──────── Extracted data
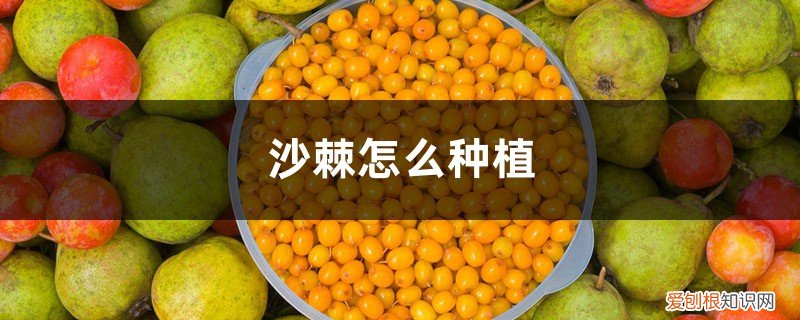 沙棘怎么种?沙棘种植技术 沙棘怎么种植,沙棘盆栽种植技术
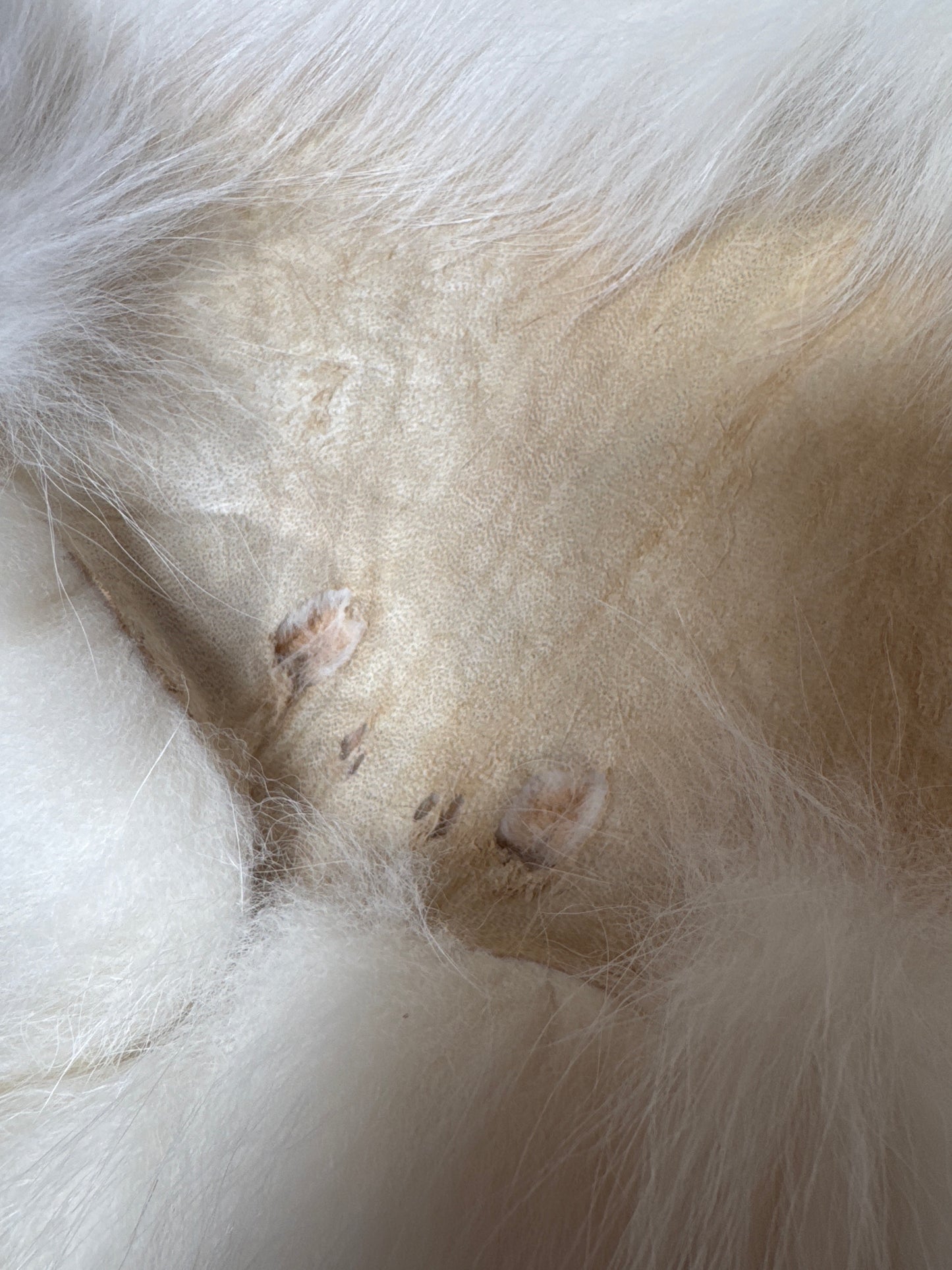 Sun Glow fox pelt (27)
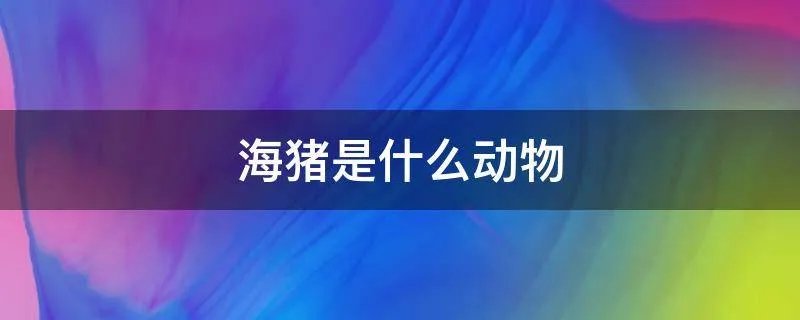 海猪是什么动物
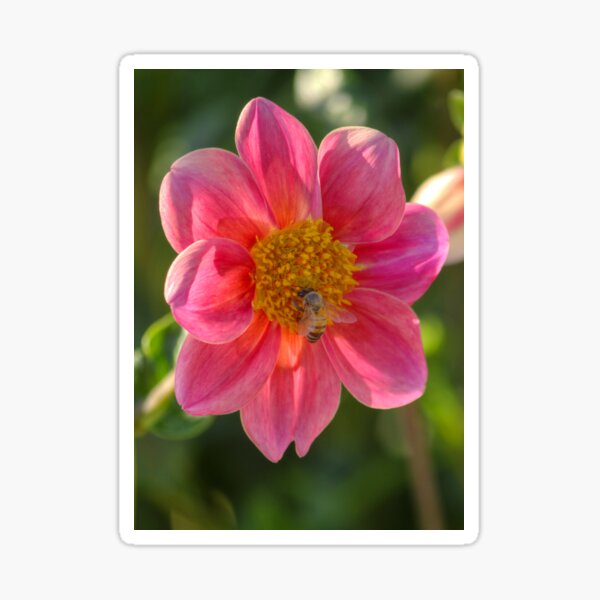 Item preview, Pink Dahlia and Bee  designed and sold by K D Graves Photography.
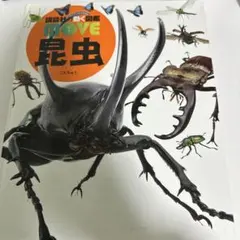 講談社 MOVE 昆虫図鑑（DVDなし）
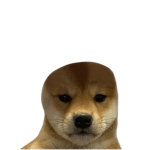 DoggggProLiekBull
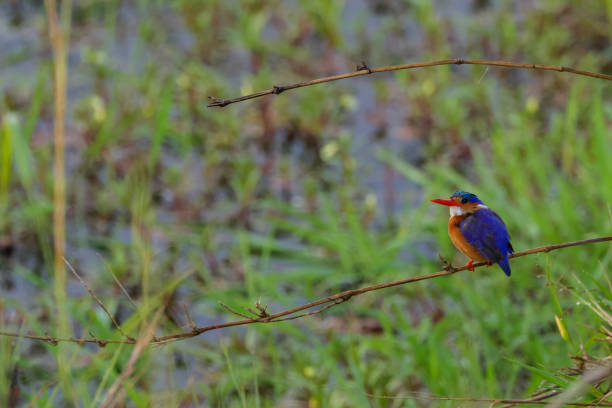 istock a female malachite kingfisher in Maasai Mara NP 2023130822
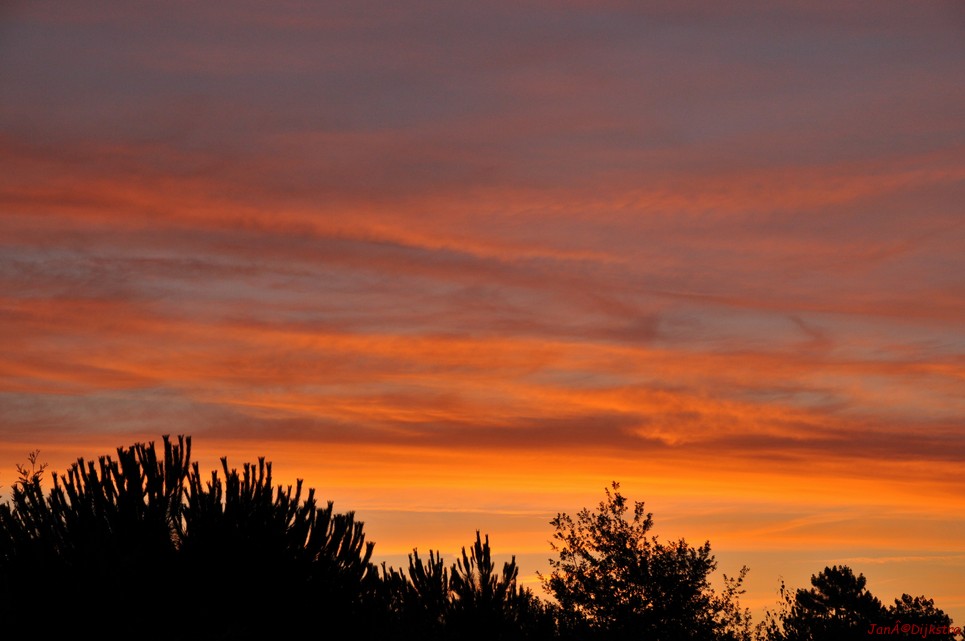 DSC_4123.JPG
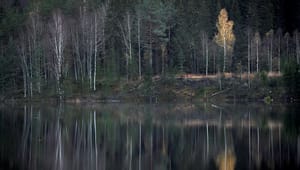 Replik: Ska skogen vara ett friluftsmuseum enligt Miljöpartiet?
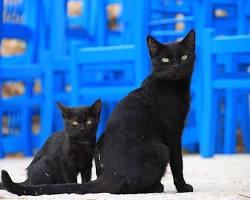 Kucing hitam untuk Halloween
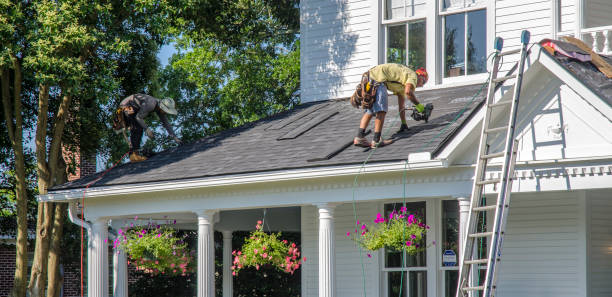 Best Roofing Contractor Near Me  in Wyandotte, MI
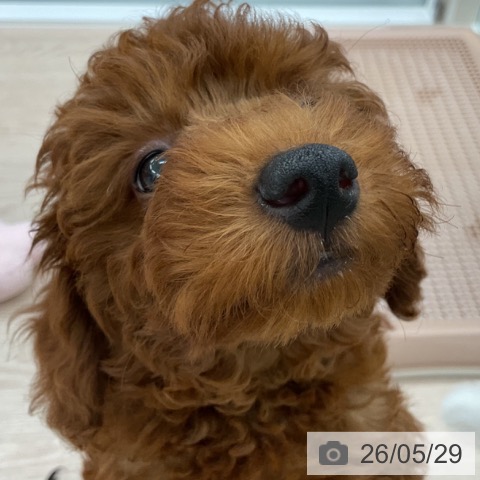 福井県のトイプードル(トイ) (ペットプラス 福井店/2026年3月22日生まれ/男の子/レッド)の子犬の3枚目の画像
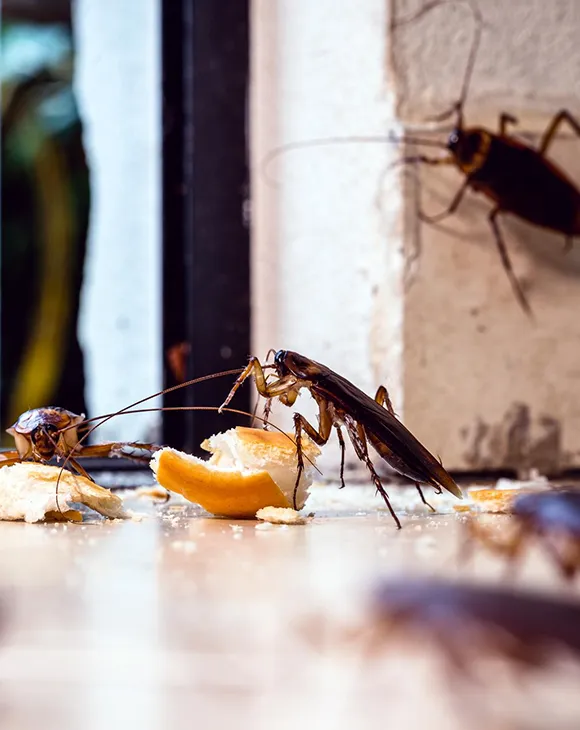 Professional crawling pest control service in UAE by Debug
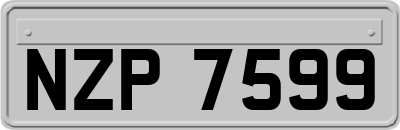 NZP7599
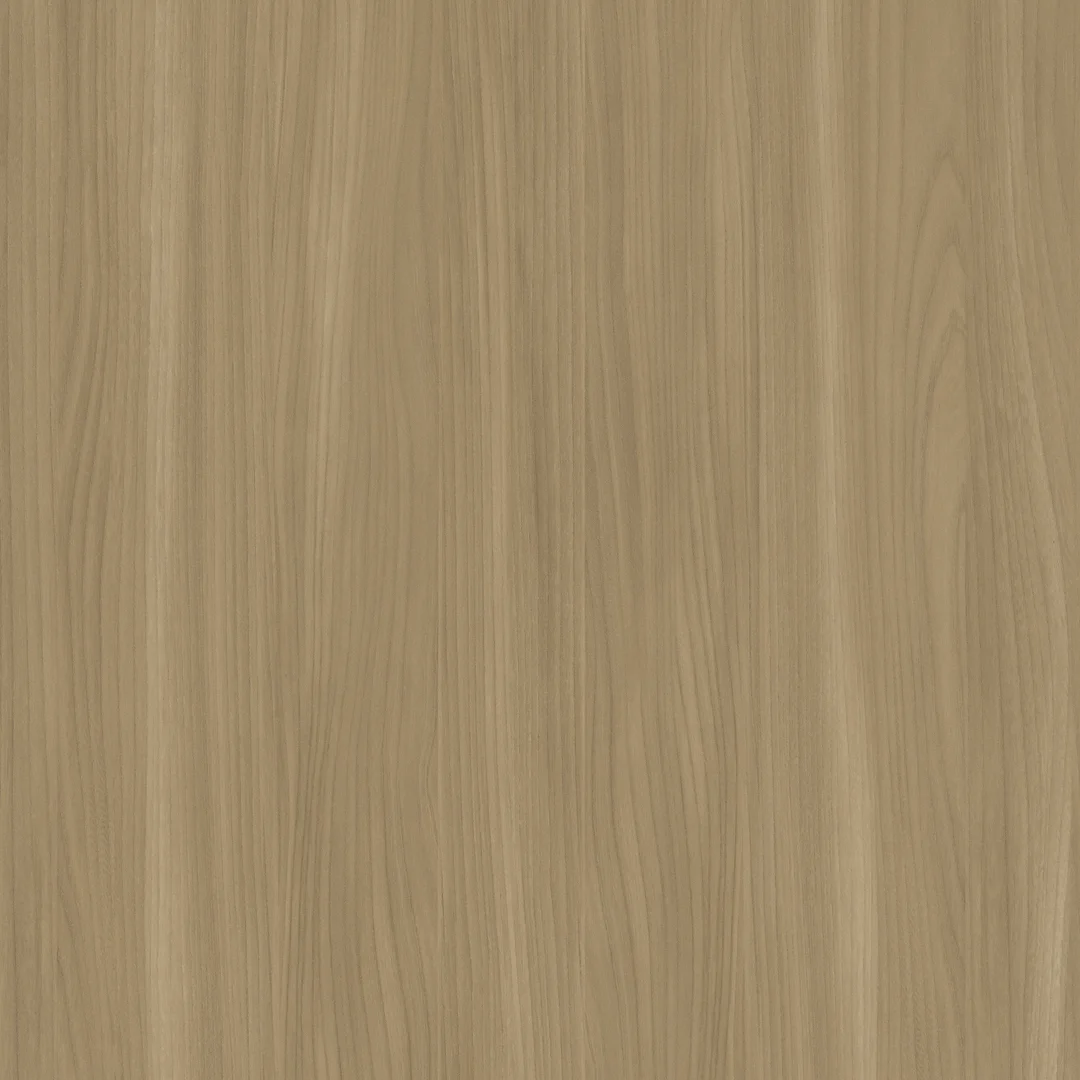 Beige Elm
────────────────
» **What is expected**
In the data, the line that contains "Best Roofing Contractor" begins the part to write out; restate it and each line after it word for word through the end, with no pictures.

» **Solution to the problem**
 Best Roofing Contractor Near Me  in Wyandotte, MI
 福井県のトイプードル(トイ) (ペットプラス 福井店/2026年3月22日生まれ/男の子/レッド)の子犬の3枚目の画像
 Professional crawling pest control service in UAE by Debug
 NZP7599
 Beige Elm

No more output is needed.